LA BATTAGLIA DEI COGNOMI

Quale mettere prima al figlio? Il cognome del padre o quello della madre? Ma si tratta veramente di un problema?

Rassegniamoci. Assisteremo a vere e proprie “battaglie’’ in famiglia sulla questione dei nomi e dei cognomi.

Personalmente ho esperienze in merito. La mia primogenita, alla fine, il nome se lo scelse da sola; noi preparammo i bigliettini a mo’ di polizza, coi nomi papabili, e glieli mettemmo sotto la manina, così le restò impigliato il nome che porta, Valentina, e tutti fummo contenti. Ma fu una soluzione azzardata, un vero e proprio compromesso, che accettai come “male minore’’. Mi affidai al fato, alla fine.

Ma “prima?’’. La “questione nome’’, non è da sottovalutare, mai. So di separazioni al sesto mese. Non fu quasi mai una “passeggiata’’ trovare l’accordo tra i santi del calendario, senza sconfinare nelle varie soap opera che spopolavano negli anni ’70, ’80 e ’90. Stendiamo sette veli.

Ma ecco la sorpresa. E’ di poche settimane fa, la proposta della ministra dell’amministrazione pubblica, Fabiana Dadone, di permettere che il cognome materno possa essere anteposto a quello del marito/compagno (ricordiamoci che il doppio cognome è previsto già dal 2016, in presenza di accordo tra i coniugi).

E allora? Qual è la sorpresa, vi chiederete.  Beh, la novità è che qui si minano le dinastie, a detta di qualcuno; si “spogliano’’ interi “alberi’’ genealogici di nobiltà future, paventano altri.

Dunque ci aspetta una “nuova guerra nominale” tra uomini e donne, allargata, ahimè, anche alle famiglie di provenienza? Le sempre auspicabili “armi chimiche’’ degli abbracci e delle altre effusioni amor/sentimentali saranno probabilmente per un po’ sospese e, forse, ci si scambieranno segnali di tregue, fis(i)calmente necessarie per superare lo stress della gravidanza.

Naturalmente tutti d’accordo sulla giustezza di poter aggiungere, se lo si vuole, al cognome del papà, quello della mammina, in tanti già lo hanno fatto.
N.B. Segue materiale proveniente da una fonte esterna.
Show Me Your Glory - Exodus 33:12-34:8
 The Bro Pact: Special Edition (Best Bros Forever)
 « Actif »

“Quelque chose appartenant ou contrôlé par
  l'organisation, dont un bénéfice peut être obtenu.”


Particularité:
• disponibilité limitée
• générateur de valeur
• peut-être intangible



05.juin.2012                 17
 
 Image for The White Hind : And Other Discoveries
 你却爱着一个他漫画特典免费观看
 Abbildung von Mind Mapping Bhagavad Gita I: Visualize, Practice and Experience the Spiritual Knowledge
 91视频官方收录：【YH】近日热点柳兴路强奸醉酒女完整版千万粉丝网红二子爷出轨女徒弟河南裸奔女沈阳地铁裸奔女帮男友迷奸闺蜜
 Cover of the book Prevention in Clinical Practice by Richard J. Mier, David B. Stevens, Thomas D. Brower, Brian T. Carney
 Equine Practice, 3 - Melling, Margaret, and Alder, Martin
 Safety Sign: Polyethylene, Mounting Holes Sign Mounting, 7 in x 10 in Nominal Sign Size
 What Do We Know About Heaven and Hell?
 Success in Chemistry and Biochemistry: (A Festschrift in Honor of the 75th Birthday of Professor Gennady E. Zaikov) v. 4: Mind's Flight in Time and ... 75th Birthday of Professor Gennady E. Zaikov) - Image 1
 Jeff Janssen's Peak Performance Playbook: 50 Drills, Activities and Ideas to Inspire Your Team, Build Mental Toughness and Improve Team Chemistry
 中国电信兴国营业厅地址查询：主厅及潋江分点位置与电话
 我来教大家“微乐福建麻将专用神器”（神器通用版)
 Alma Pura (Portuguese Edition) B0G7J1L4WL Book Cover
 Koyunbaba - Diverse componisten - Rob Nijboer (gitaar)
Ma qui si paventa altro.

Perché, come se non bastasse la guerra fredda che molto spesso inizia nella coppia riguardo al nome proprio, appena archiviate le varie ecografie di routine, che ci rivelano il sesso del nascituro, ecco che si apriranno le “trattative’’ ad oltranza sul cognome, che andranno avanti per due/tre mesi circa, fino a sfociare in vere e proprie momentanee “rotture’’ di comunicazione.

Dunque, non soltanto per scegliere il nome da imporre ai nostri figli dovremo affilare le armi (non seduttive, sarebbe “nominally incorret’’), ma dovremo anche adoperare quelle più sottili, della persuasione amorevole e amorosa operata sul partner, in maniera tale da convincerlo sul perché, obiettivamente, sia meglio – o quanto meno foneticamente più accattivante – dotare i figli del cognome di un genitore in primis, piuttosto che di quello dell’altro: quello del padre o quello della madre (finchè ci è concessa la possibilità di non essere sostituiti da freddi numeri decimali).

we can do it

‘Querelle non da poco. Perché, diciamocelo, non sarà facile, dopo centinaia di anni, far accettare al compagno, all’uomo con il quale hai progettato il tuo futuro, la tua vita, che non debba interpretarla, questa richiesta di priorità, come un conflitto strumentale ad affermare la tua parità di sesso, dunque come una conseguenza di una rivendicazione femminile del “podio d’onore”. In altre parole, che non avrà, secondo quello che affermano esperti studiosi psicoterapeuti, ripercussioni sulla stabilità della coppia.

L’alternativa per evitare conflitti, rimostranze, rivendicazioni sessiste? Riflettere, donne e uomini, sul fatto che non è la posizione ‘’anteriore o posteriore’’ di un cognome che ci farà sentire donne o uomini capaci di realizzarsi, capaci di autostima, di proiettarsi con fiducia, senza conflitti, in sintonia con l’altro sesso e con l’universo.

Più semplicemente, non è delegando ad un’ordinaria posizione grafica il cognome che faremo la storia di un popolo. Preoccupiamoci, piuttosto, di mettere i nostri giovani in condizione di ‘’farli’’, questi figli, e di farli crescere in una società civile e non corrotta.